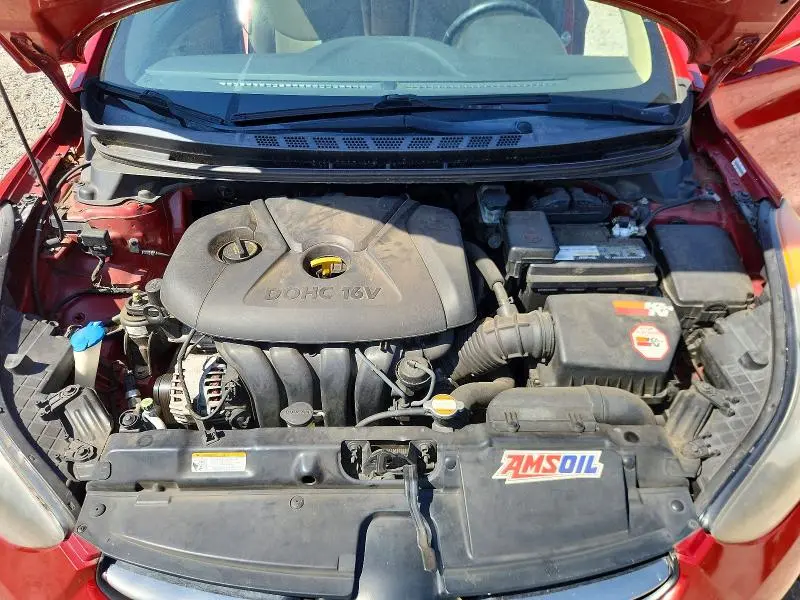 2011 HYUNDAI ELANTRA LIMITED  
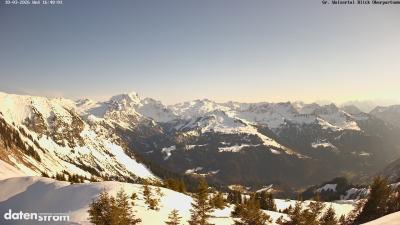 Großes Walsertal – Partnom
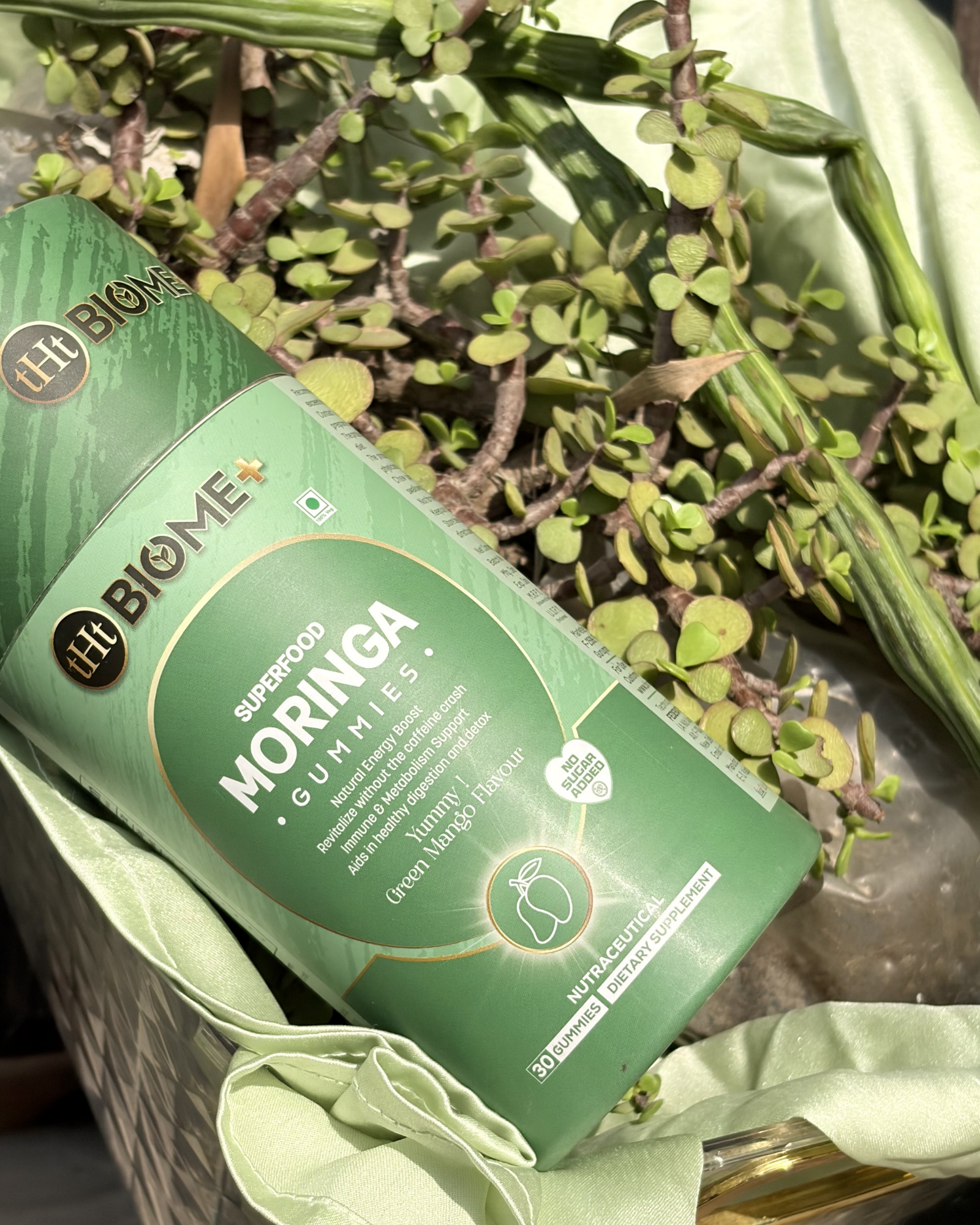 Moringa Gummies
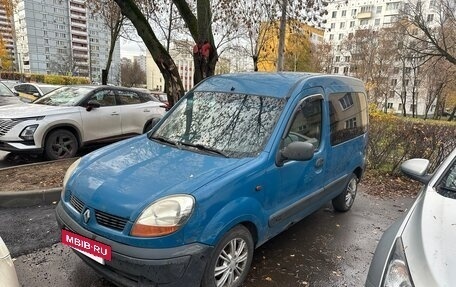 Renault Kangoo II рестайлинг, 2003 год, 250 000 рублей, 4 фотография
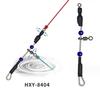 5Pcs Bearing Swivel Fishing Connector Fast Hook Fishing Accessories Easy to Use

+++++

→ What the task asks: Reproduce the records exactly, images excluded.

→ Response to the task:
 2011 HYUNDAI ELANTRA LIMITED  
 Großes Walsertal – Partnom
 Moringa Gummies
 Renault Kangoo II рестайлинг, 2003 год, 250 000 рублей, 4 фотография
 5Pcs Bearing Swivel Fishing Connector Fast Hook Fishing Accessories Easy to Use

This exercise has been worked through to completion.